С этой проблемой столкнулись ещё древние авторы народных сказок. После описания страданий и подвигов, каждый получает своё: антигерой вариант плохой стабильности – разбитое корыто, тюрьму или могилу, а герои получают счастливую стабильность, но вся их послеповествовательная жизнь обычно укладывается в пять слов: «Они жили долго и счастливо». Более вдумчивые авторы добавляют ещё пять слов: «И умерли в один день». То есть не оставили героям даже маленького шанса на страдание – возможности поубиваться на могиле своей половины.
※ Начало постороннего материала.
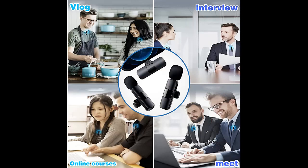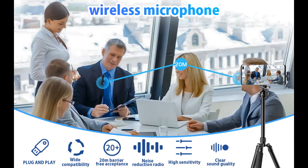360 degrees with no dead angle. Equipped with a high-density spray-proof sponge and high-sensitivity microphone, providing effective identification of original sound and clear recording even in noisy environments.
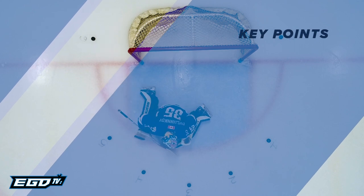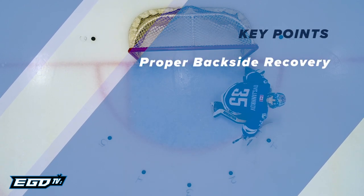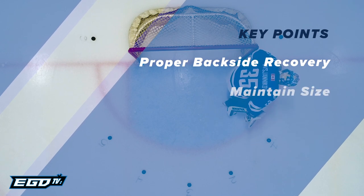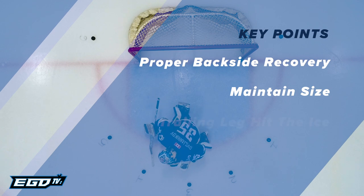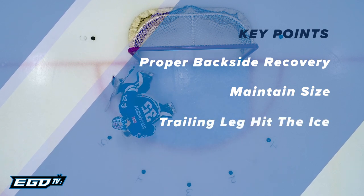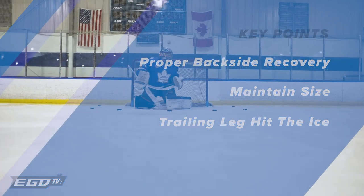Key points: Proper backside recovery — head leads, shoulders, arms, hips follow. Maintain size and minimize holes in the body where pucks could enter. The trailing leg should hit the ice in each slide before the rotation, as if having to seal the five hole for a save.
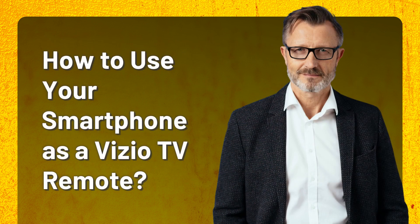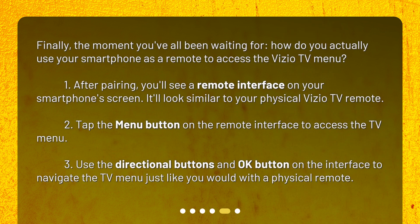How to use your smartphone as a Vizio TV remote. Finally, the moment you've all been waiting for — how do you actually use your smartphone as a remote to access the Vizio TV menu? 1. After pairing, you'll see a remote interface on your smartphone's screen that looks similar to your physical Vizio TV remote. 2. Tap the menu button on the remote interface to access the TV menu. 3. Use the directional buttons and OK button on the interface to navigate the TV menu, just like you would with a physical remote.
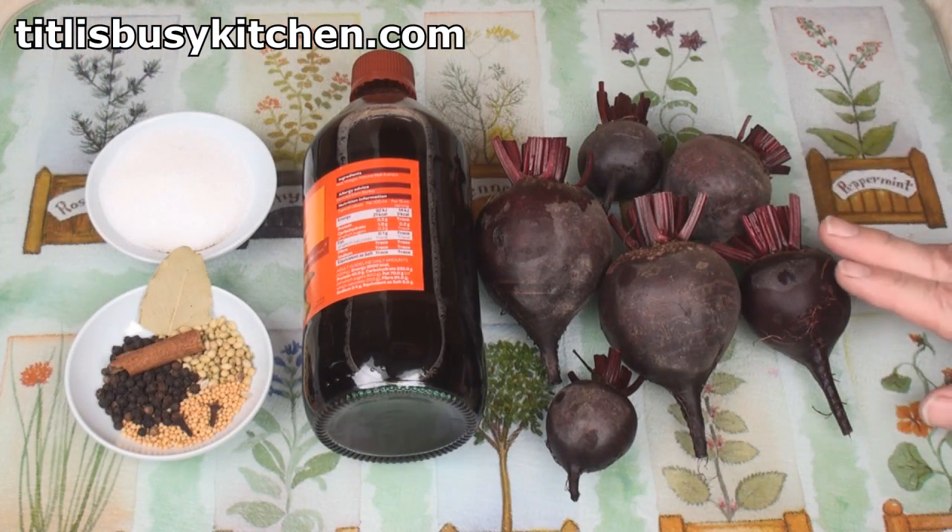I don't know if you're one of those people — I'm certainly one of those people — who believes that there are certain things in this world that go much better with pickled beetroot: cheese sandwiches, cold chicken sandwiches, cold turkey sandwiches, ploughman's lunch. So to make my pickled beets...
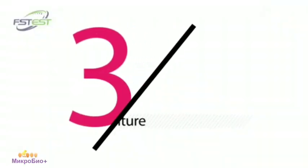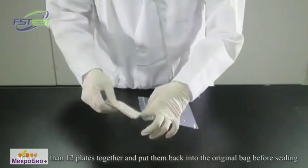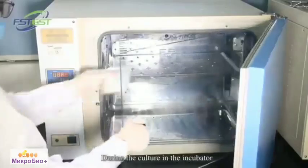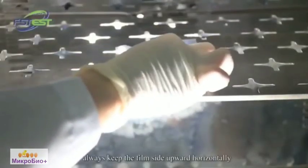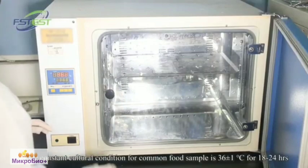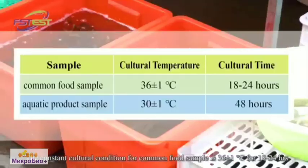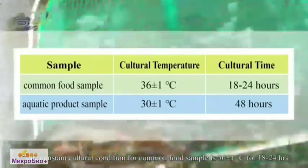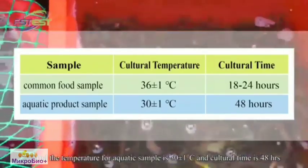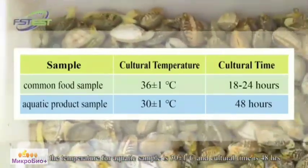Culture. Stack less than 12 plates together and put them back into the original bag before sealing. During culture in the incubator, always keep the film side upwards. The constant culture condition for common food samples is 36 plus or minus 1 Celsius for 18 to 24 hours. The temperature for aquatic samples is 30 plus or minus 1 Celsius, and the culture time is 48 hours.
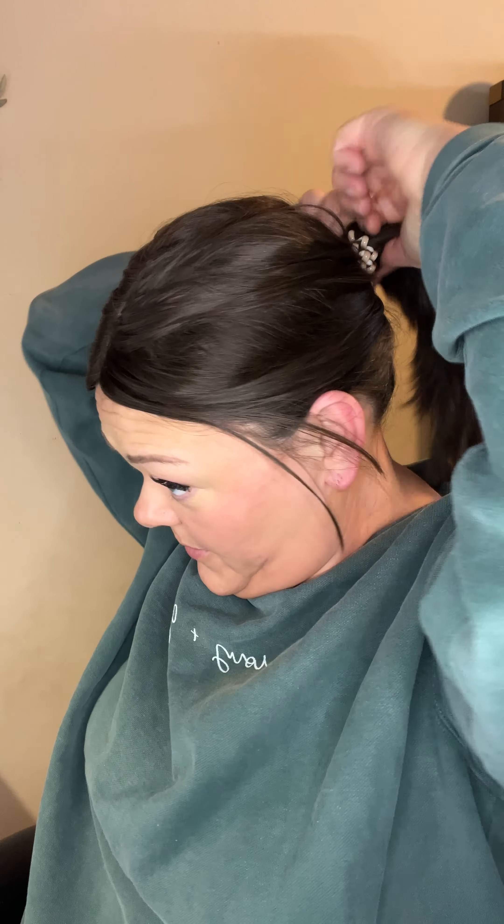I actually wore my hair like this to some functions with friends, and I love that it kept me cool. I felt like it was cute. I hadn't worn a ponytail like this in so long. I like this — if you're someone who likes to wear ponytails and you're worried about that, this is definitely an option.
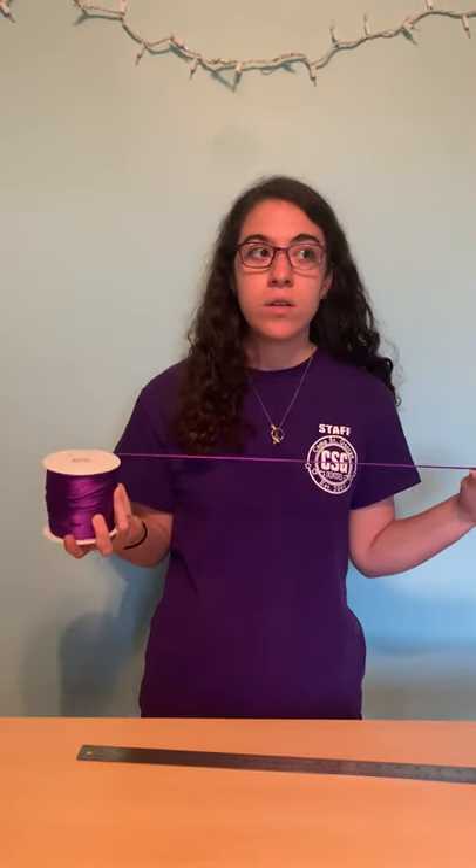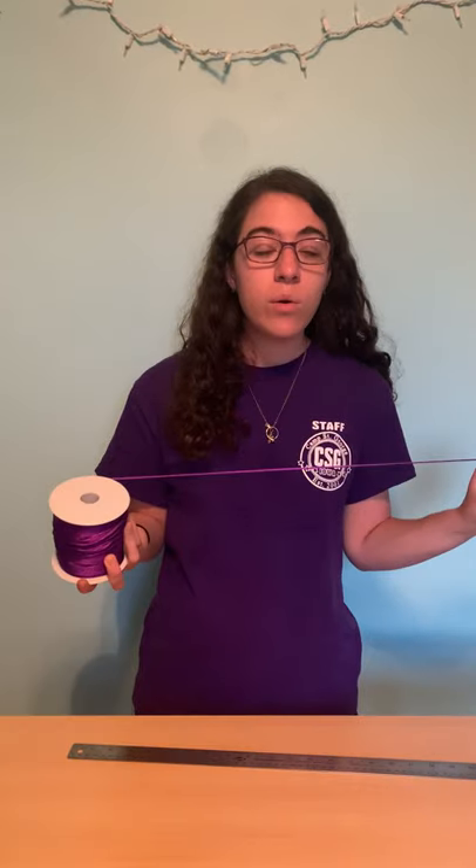Hey Camp St. George, Iowa. I'm gonna assume you all said Iowa with me there. We are going to be making perb rope. So you're gonna need some string or some rope. You can use yarn. You can use thicker cord.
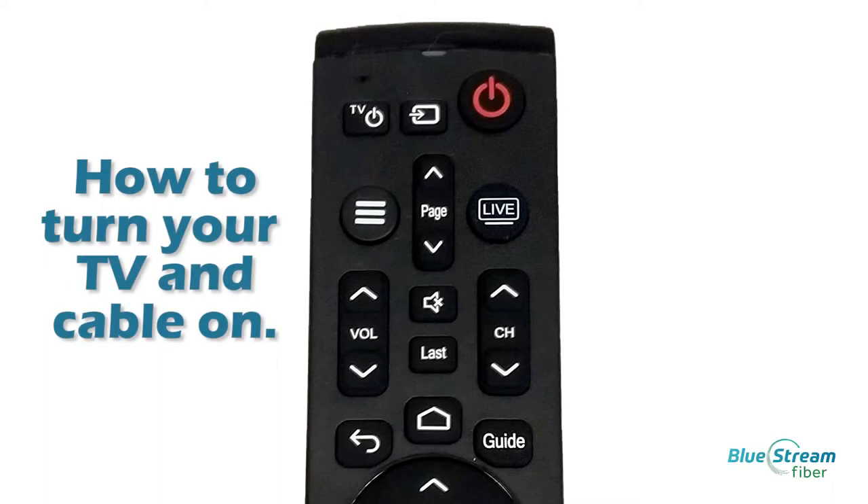How to turn your TV and cable on. First, by simply pressing the Power button shown here, this will turn on your TV and cable box.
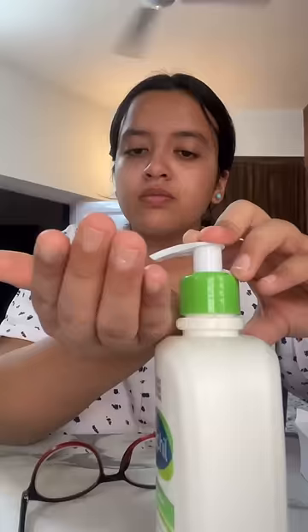After that, I just did my skincare. I applied some moisturizing toner, a moisturizer, and lip balm. I kept it all simple.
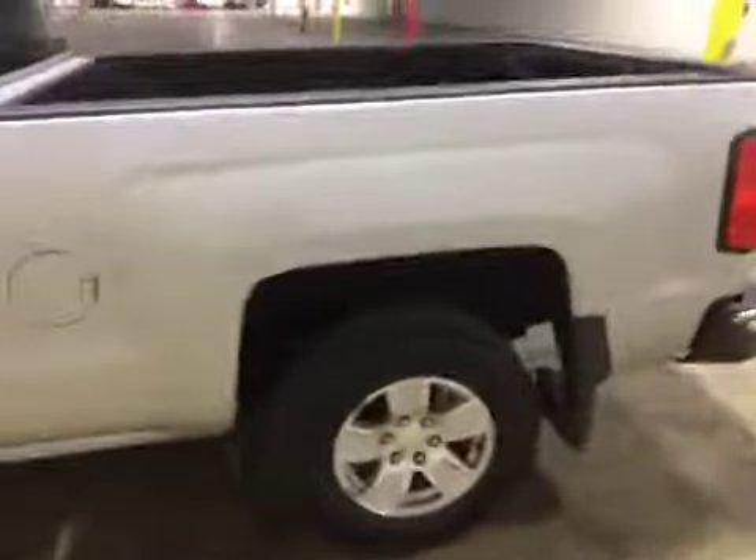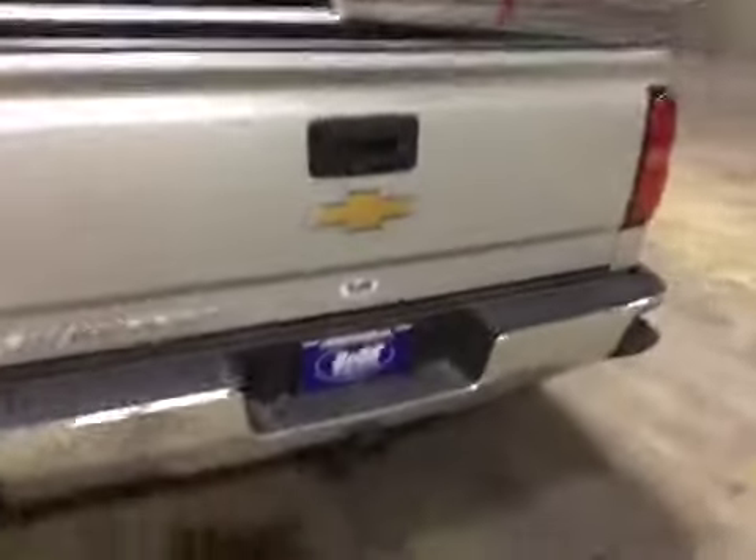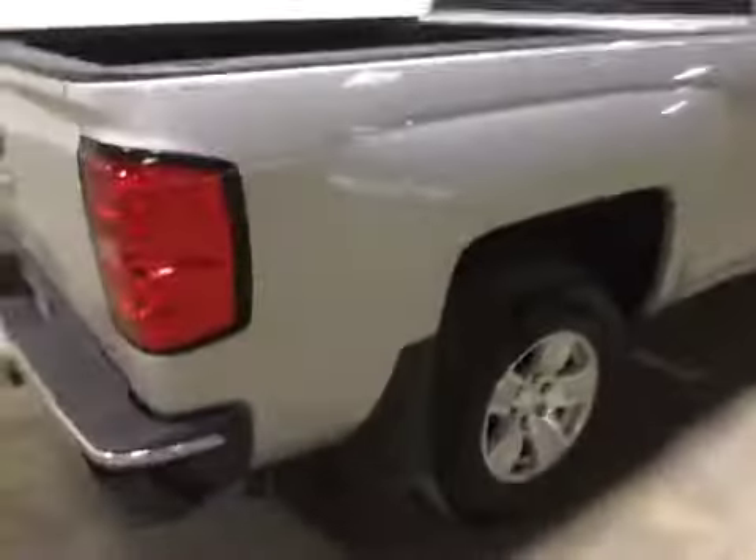We do have a low tire sensor light on on the inside. Engine and trans on the test drive was good — engine and trans was strong.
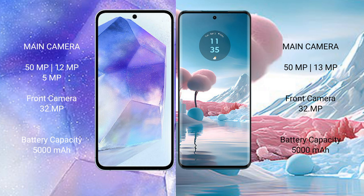The Samsung Galaxy A55 features a triple camera setup: 50MP main, 12MP ultrawide, and 5MP macro, with a 32MP front camera. The Motorola H40 New features a dual camera setup: 50MP main and 13MP ultrawide, also with a 32MP front camera. The Samsung Galaxy A55 has a 5000mAh battery with 25W fast charging support.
Иначе говоря, если люди и в самом деле когда-то наладят для всех жизнь без страданий, то это будет конец литературы, она просто вымрет с голоду, как мамонты. Впрочем, это ещё не скоро. Тем не менее, это ограничение опосредованно влияет и на самих авторов. Если человек не испытывал определённых страданий или, по крайней мере, не был их прямым наблюдателем, сострадальцем, то он просто не в состоянии дать какие-либо их описания.
Действительно, чтобы писать о горах, лесах, городах или пустыне, нужно там побывать, увидеть, ощутить запахи и услышать звуки. Должен быть багаж жизненного опыта прямого участия в событиях или наблюдения их, создающий представления. Даже пустое фантазирование отталкивается от чего-то реального. Взять титанов литературы; у них самих, как правило, биографии такие, что ахнешь. У Достоевского не жизнь, а чисто триллер, впечатлений ещё лет на сто сочинительства. Впрочем, о великих писателях и речи нет, тут хотя бы до уровня Донцовой дотянуться. Но и это вряд ли.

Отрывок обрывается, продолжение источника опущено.